Material for this exercise:
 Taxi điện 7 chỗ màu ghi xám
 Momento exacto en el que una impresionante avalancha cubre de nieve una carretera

==

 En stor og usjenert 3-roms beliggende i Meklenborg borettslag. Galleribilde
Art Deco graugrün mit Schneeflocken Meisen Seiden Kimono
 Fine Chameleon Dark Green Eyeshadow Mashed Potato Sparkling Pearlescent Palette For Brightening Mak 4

* * *

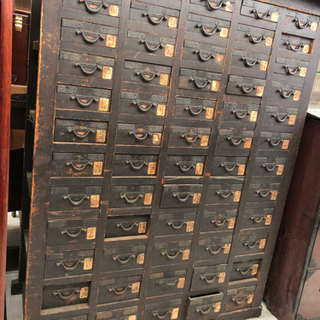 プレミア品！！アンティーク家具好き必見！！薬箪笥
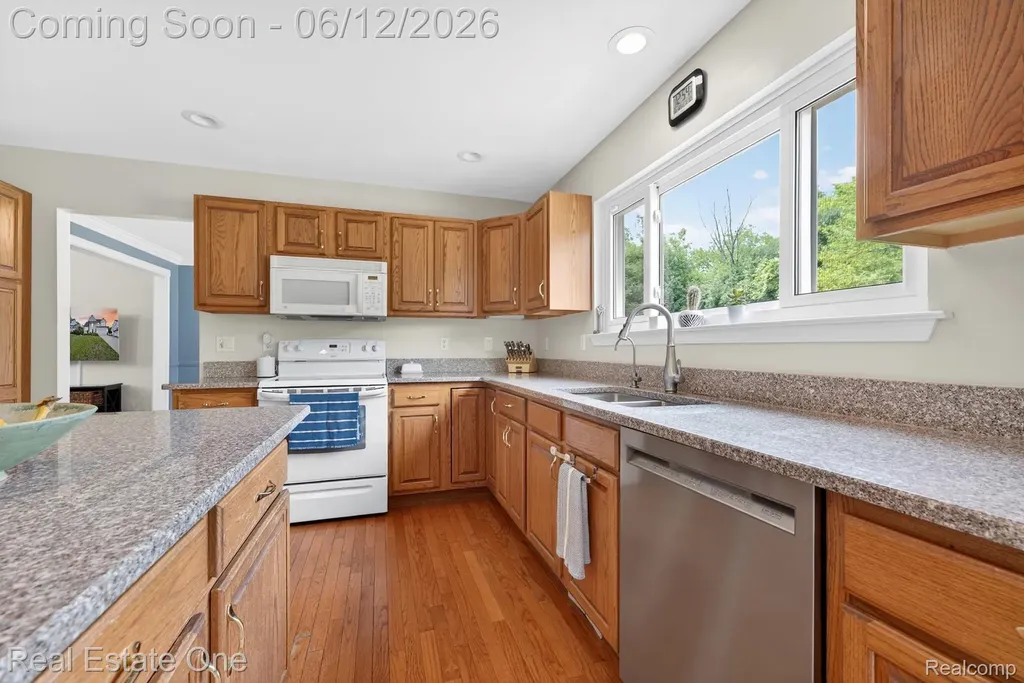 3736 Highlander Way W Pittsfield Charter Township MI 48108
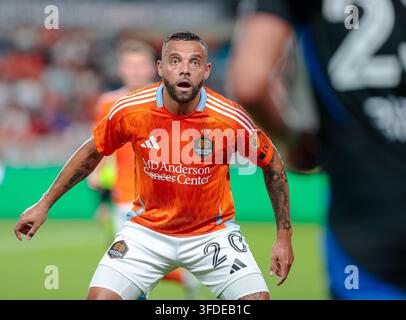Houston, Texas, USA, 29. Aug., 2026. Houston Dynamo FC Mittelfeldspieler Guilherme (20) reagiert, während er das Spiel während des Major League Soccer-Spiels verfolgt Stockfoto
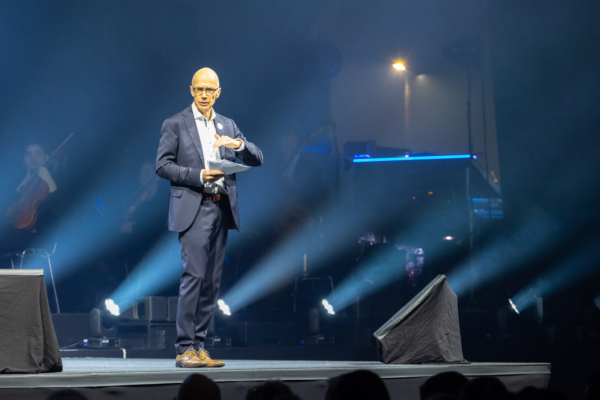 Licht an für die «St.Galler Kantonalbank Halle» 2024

Assignment:
In the listing above, find the line containing "プレミア品！！アンティーク家具好き必見！！薬箪笥" and the line containing "3736 Highlander Way", then output those two lines and everything between them exactly as written, without the images.

Exercise answer:
 プレミア品！！アンティーク家具好き必見！！薬箪笥
 3736 Highlander Way W Pittsfield Charter Township MI 48108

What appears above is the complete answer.